● **DATA FOR REVIEW**
•••••

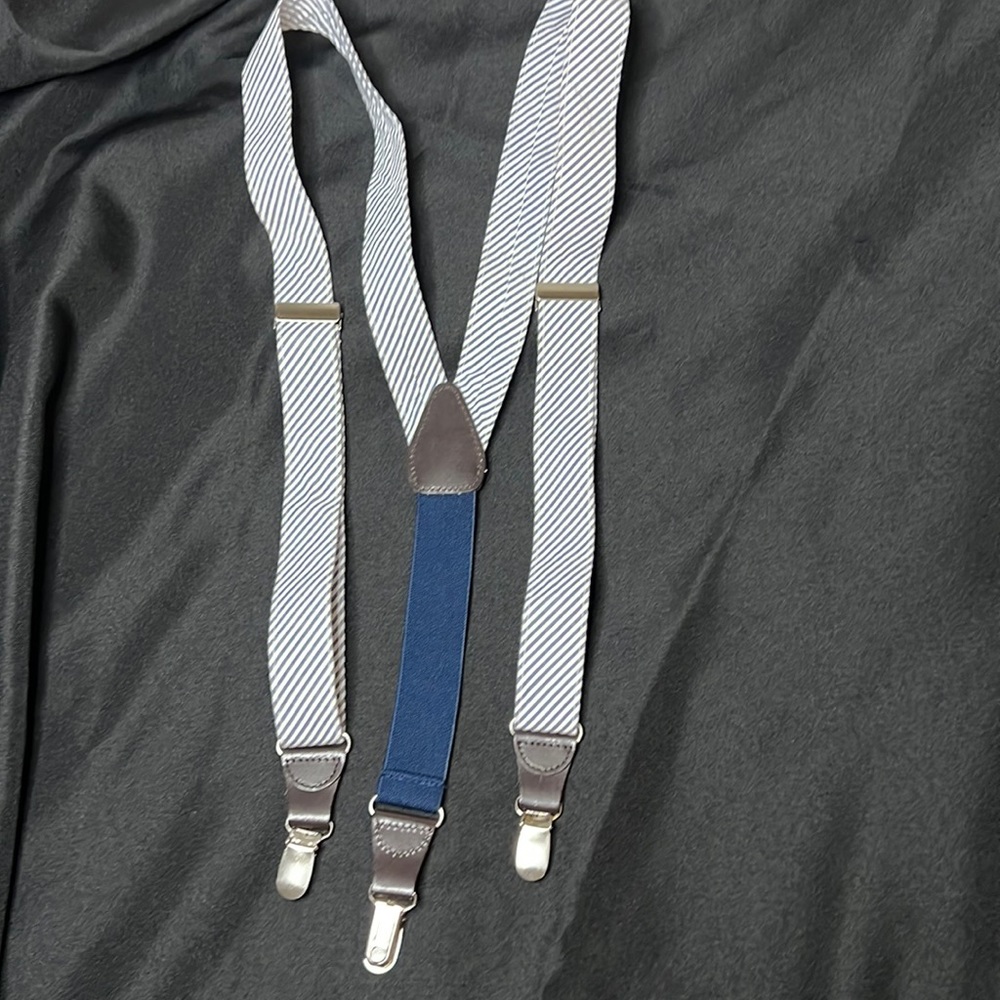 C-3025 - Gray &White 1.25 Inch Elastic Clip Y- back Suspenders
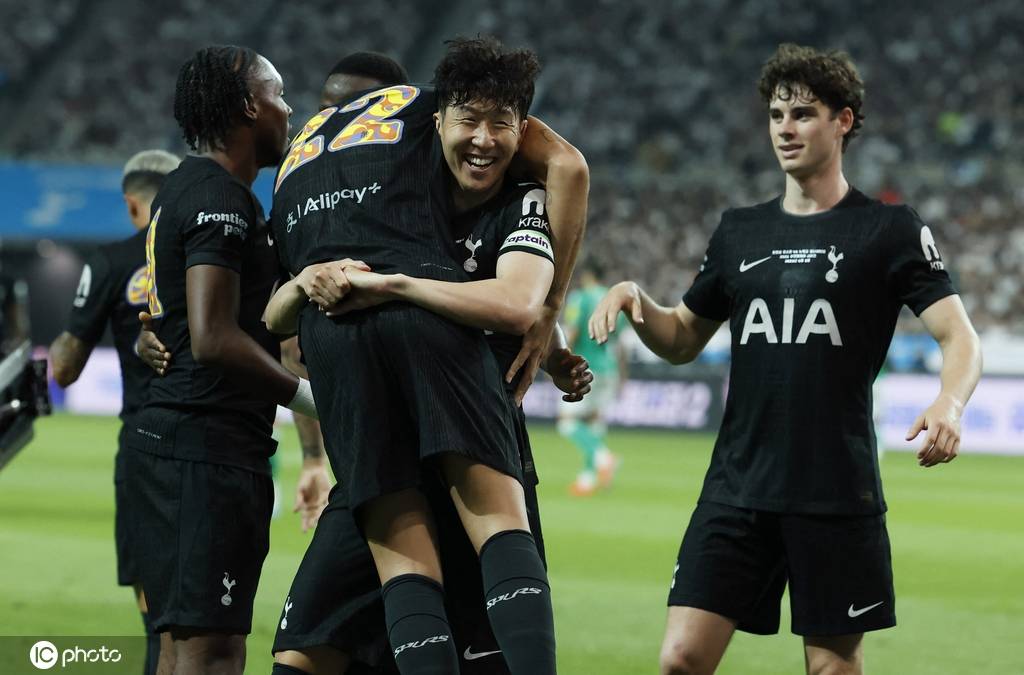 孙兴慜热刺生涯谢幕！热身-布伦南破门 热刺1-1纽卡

•••••

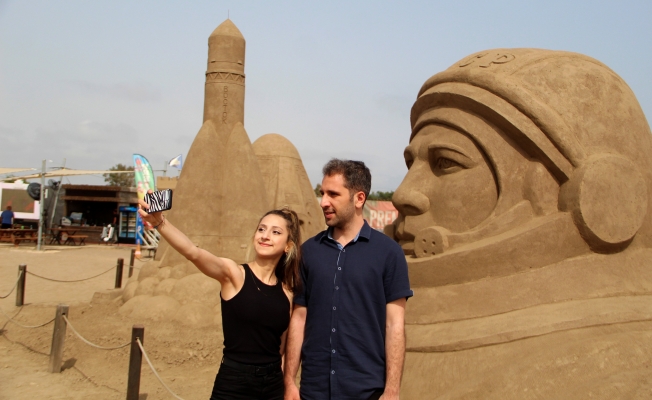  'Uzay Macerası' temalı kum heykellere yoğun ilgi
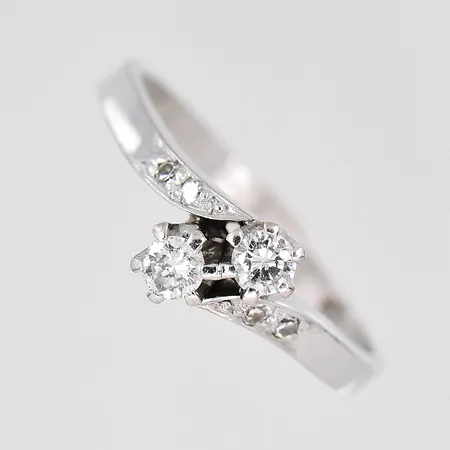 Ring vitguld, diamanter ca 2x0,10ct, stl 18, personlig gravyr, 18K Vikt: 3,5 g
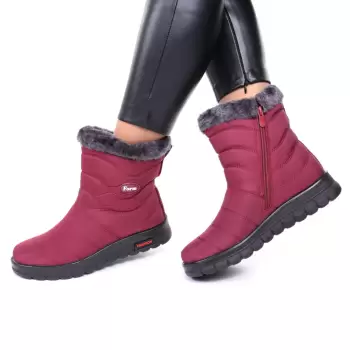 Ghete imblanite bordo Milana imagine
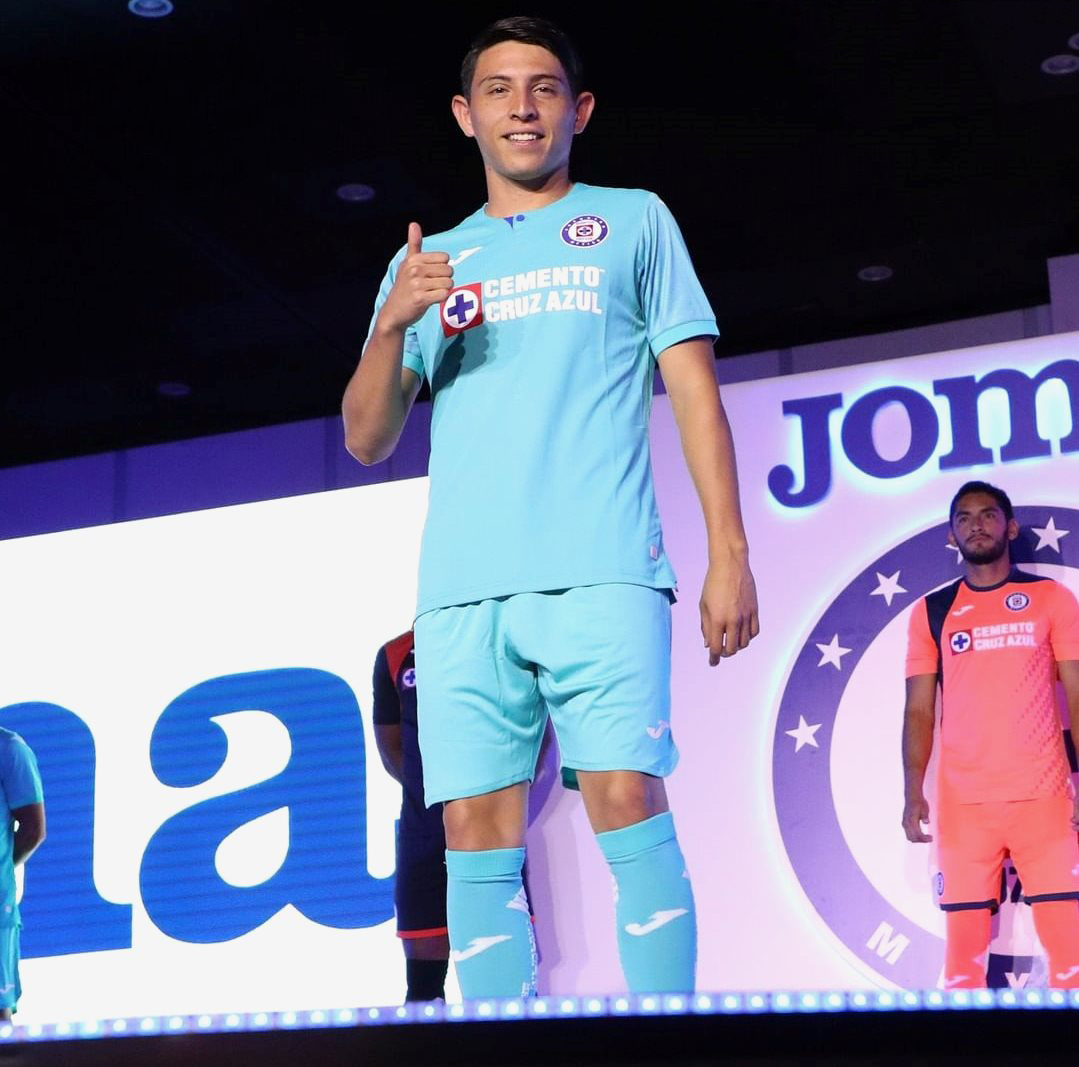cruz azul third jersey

•••••

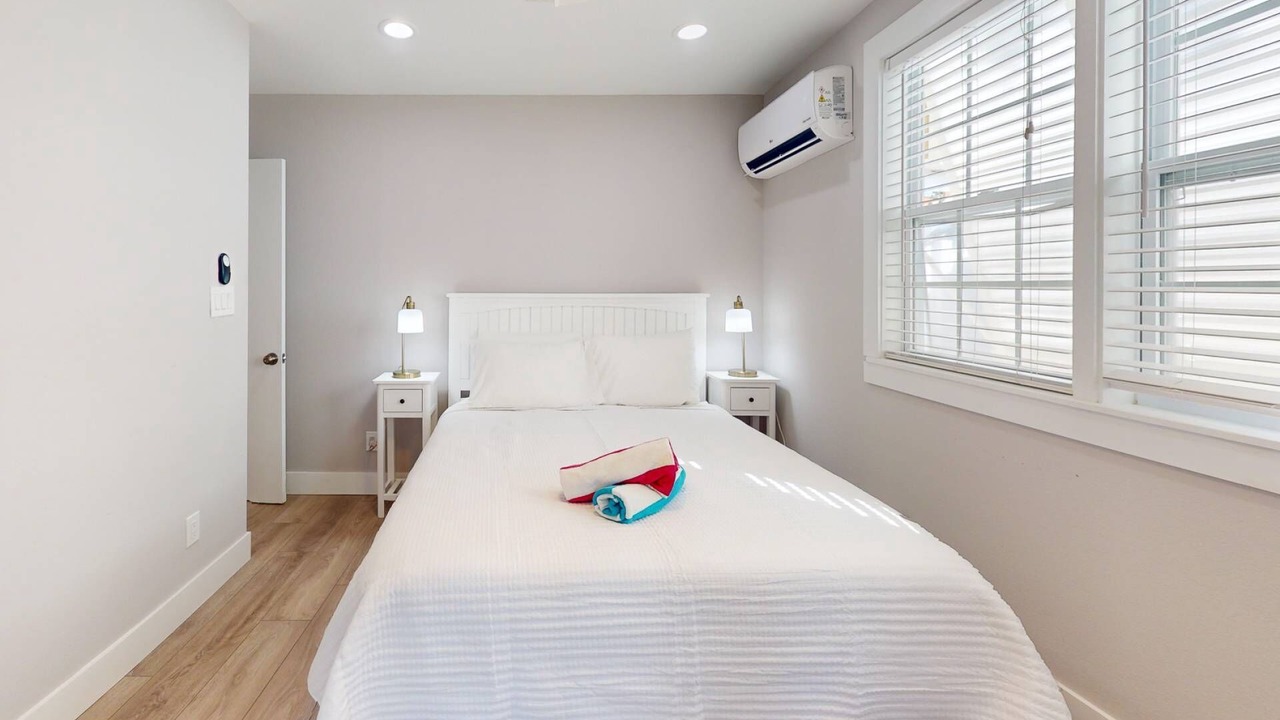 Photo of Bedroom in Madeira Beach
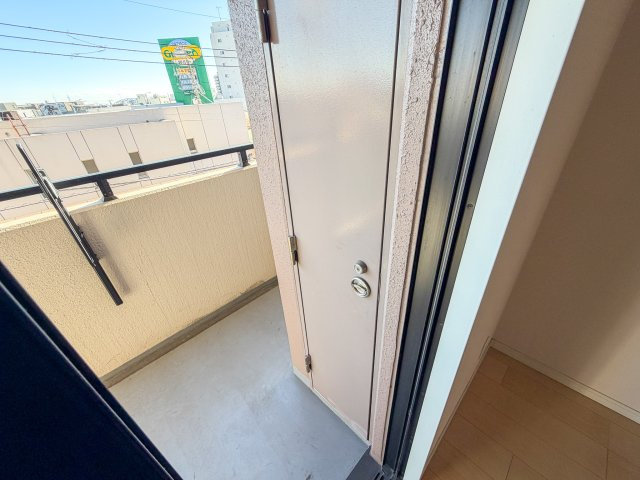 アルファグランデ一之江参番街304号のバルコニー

•••••

● **WHAT IS EXPECTED**
In the data above, take the line with "C-3025 - Gray", the line with "孙兴慜热刺生涯谢幕！热身-布伦南破门 热刺1-1纽卡", and every line between, and set them down exactly without pictures.

● **OUTPUT FOR THIS TASK**
 C-3025 - Gray &White 1.25 Inch Elastic Clip Y- back Suspenders
 孙兴慜热刺生涯谢幕！热身-布伦南破门 热刺1-1纽卡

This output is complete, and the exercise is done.